Hadoop Cloud Providers
The following cloud providers offer fully-managed Hadoop cloud service that makes it easy, fast, and cost-effective to process massive amounts of data:
AWS Elastic MapReduce (EMR)
Amazon EMR provides a managed Hadoop framework as a web service. The data cross dynamically with scalable Amazon EC2 instances. You can choose from Amazon S3 (EMRFS), the Hadoop Distributed File System (HDFS), and Amazon DynamoDB as the data stores. EMR can run popular frameworks such as Apache Spark, HBase, Presto, HUE, Flink and more. EMR supports more Hadoop ecosystem frameworks than Azure and GCP. Hourly prices range from $0.011/hour to $0.27/hour ($94/year to $2367/year) plus cost on EC2, EBS, and S3. Choosing reserved or spot EC2 instance can save you money. To find out the total cost of EMR, please go to AWS Calculator.

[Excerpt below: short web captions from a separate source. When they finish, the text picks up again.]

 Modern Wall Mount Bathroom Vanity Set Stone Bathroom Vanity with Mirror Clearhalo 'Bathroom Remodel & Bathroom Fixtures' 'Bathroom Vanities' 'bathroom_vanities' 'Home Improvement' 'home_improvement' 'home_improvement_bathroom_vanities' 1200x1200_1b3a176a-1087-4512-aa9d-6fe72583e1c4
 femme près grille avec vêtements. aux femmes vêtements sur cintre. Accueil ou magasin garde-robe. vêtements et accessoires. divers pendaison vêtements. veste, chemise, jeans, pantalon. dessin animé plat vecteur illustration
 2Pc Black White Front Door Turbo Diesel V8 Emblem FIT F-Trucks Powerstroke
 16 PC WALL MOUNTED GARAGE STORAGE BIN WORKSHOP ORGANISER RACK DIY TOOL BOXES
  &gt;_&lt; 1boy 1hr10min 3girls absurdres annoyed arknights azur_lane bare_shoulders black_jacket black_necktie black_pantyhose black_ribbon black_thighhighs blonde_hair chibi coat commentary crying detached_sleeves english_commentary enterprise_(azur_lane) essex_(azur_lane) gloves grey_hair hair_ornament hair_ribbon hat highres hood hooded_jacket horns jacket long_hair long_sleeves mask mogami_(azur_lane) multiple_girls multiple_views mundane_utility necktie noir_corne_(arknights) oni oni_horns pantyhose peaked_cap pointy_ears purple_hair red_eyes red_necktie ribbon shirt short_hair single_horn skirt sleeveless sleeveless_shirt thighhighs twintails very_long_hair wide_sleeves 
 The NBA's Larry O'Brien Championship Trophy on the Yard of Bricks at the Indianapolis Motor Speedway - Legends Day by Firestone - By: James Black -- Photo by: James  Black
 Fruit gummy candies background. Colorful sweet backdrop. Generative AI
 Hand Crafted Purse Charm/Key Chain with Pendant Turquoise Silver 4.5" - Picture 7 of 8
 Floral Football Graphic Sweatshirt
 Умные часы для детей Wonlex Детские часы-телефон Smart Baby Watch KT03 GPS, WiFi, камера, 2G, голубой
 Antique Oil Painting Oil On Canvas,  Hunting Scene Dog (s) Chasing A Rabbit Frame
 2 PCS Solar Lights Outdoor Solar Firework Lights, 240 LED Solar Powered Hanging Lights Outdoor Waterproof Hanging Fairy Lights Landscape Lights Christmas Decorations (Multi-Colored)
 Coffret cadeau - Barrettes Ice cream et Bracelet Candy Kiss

EMR is not free under the AWS Free Tier.
Azure HDInsight
Azure HDInsight enables a broad range of scenarios such as ETL, Data Warehousing, Machine Learning, IoT and more. Use popular open-source frameworks such as Hadoop, Spark, Hive, LLAP, Kafka, Storm, R & more. You can choose Azure Blob storage instead of HDFS. Azure utilizes its own Azure Data Lake platform and its own cloud security framework. Hourly prices range from $0.074/hour to $1.496/hour. Microsoft offers a one-month free trial on Azure, so you may want to test a Hadoop cluster from HDInsight.
GCP Dataproc
Cloud Dataproc is a cloud-based managed Spark and Hadoop service offered on the Google Cloud Platform. Dataproc utilizes its Google Compute Engine(GCE) to process data. Dataproc integrates with its Cloud Storage, BigQuery, Bigtable, Stackdriver Logging, and Stackdriver Monitoring. But Dataproc self only has Apache Hadoop, Spark, Hive, and Pig. Hourly prices range from $0.001/hour to $0.640/hour. Google also offers Free Tier (12-month, $300 credit free trial) that allows you to use any GCP product, so you should take this offer to try Dataproc and BigQuery.
Conclusion
In conclusion, you should consider the components, deployment model, performance, security and cost holistically to choose the right Hadoop solution. Cloudera has the largest user base with the largest number of clients; moreover, Cloudera Enterprise Data Hub has a comprehensive data management platform with everything you need. But do you genuinely need every component? If your organization doesn’t have multitudinous Hadoop experts, then choosing a fully-managed Hadoop cloud service will let you focus on the development. If you need fast performance, you may want to take a look at MapR; if you want a low cost, Hortonworks is an excellent choice. Each Hadoop solution provides different approaches to authentication, security policy management, and data encryption, so you should base on your auditing policy and protection requirements to review how each solution addresses those needs. Also, designing a hybrid Hadoop solution keep some jobs on-premise, noncritical jobs on the cloud (e.g. AWS spot instance) to save cost. Moreover, if your Big Data below 1.6PB, you may want to take a look at the Redshift data warehouse option.